**What you should do**.
Pictures aside, the data must be reproduced exactly.

┄┄┄┄┄┄

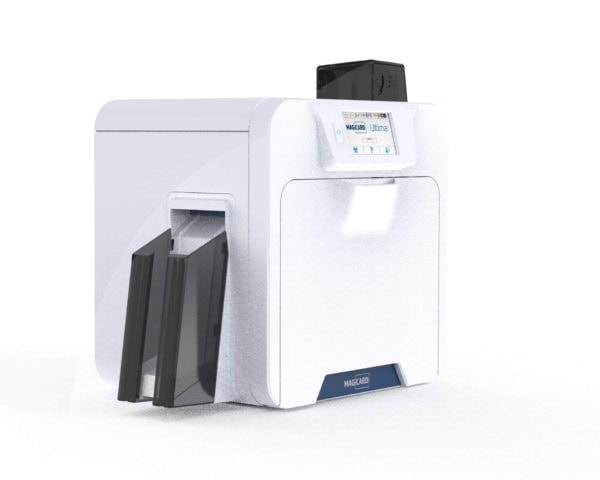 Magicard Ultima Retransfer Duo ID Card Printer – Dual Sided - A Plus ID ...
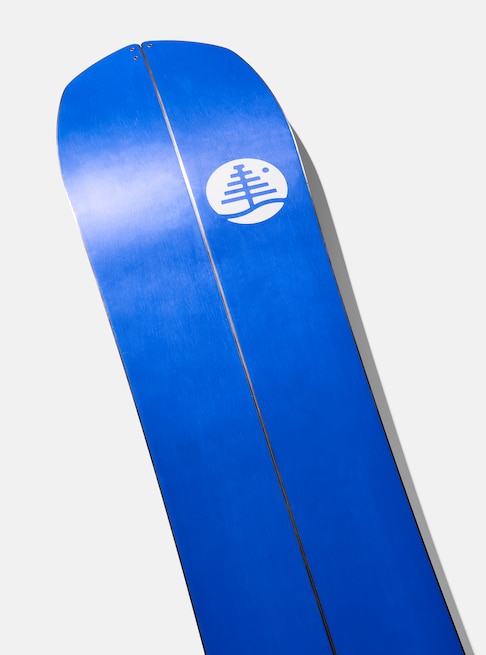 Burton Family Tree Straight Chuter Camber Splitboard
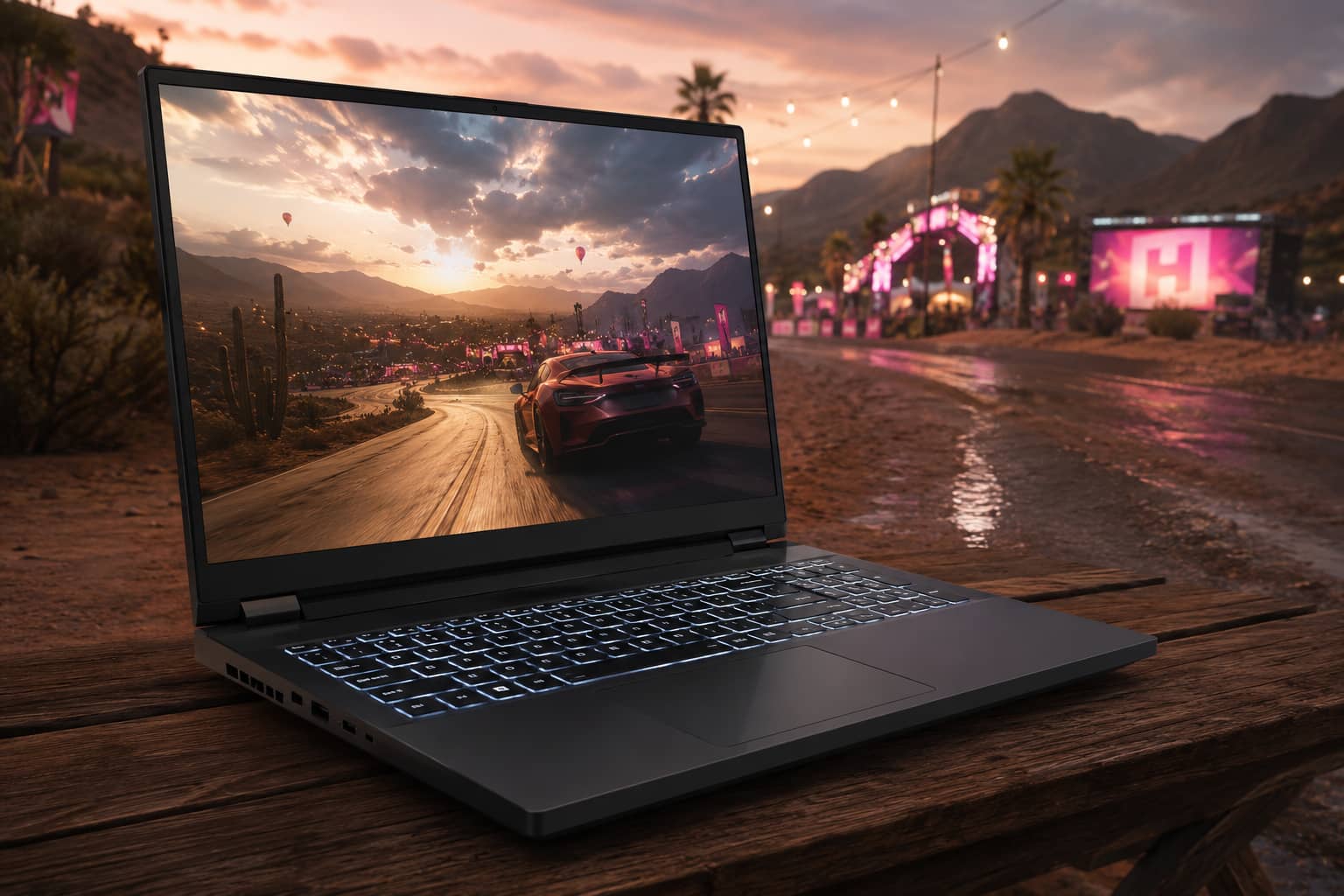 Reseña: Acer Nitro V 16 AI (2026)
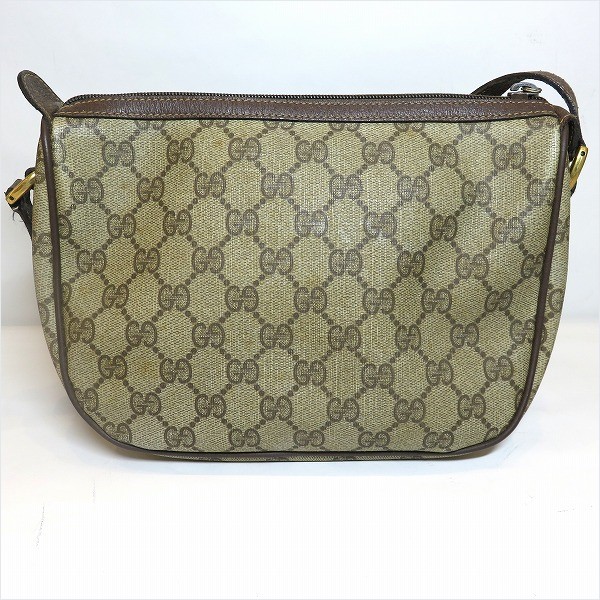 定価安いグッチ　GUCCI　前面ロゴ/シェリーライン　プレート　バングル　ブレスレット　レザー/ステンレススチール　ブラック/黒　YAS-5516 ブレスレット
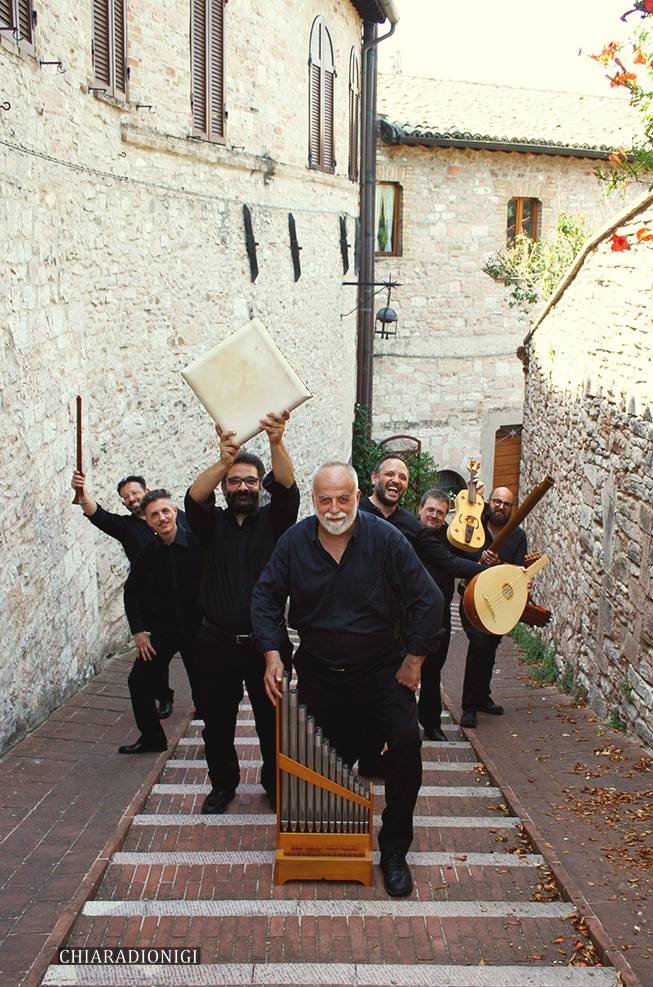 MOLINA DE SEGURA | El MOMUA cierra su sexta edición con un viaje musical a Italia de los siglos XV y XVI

┄┄┄┄┄┄

**Response area**.
 Magicard Ultima Retransfer Duo ID Card Printer – Dual Sided - A Plus ID ...
 Burton Family Tree Straight Chuter Camber Splitboard
 Reseña: Acer Nitro V 16 AI (2026)
 定価安いグッチ　GUCCI　前面ロゴ/シェリーライン　プレート　バングル　ブレスレット　レザー/ステンレススチール　ブラック/黒　YAS-5516 ブレスレット
 MOLINA DE SEGURA | El MOMUA cierra su sexta edición con un viaje musical a Italia de los siglos XV y XVI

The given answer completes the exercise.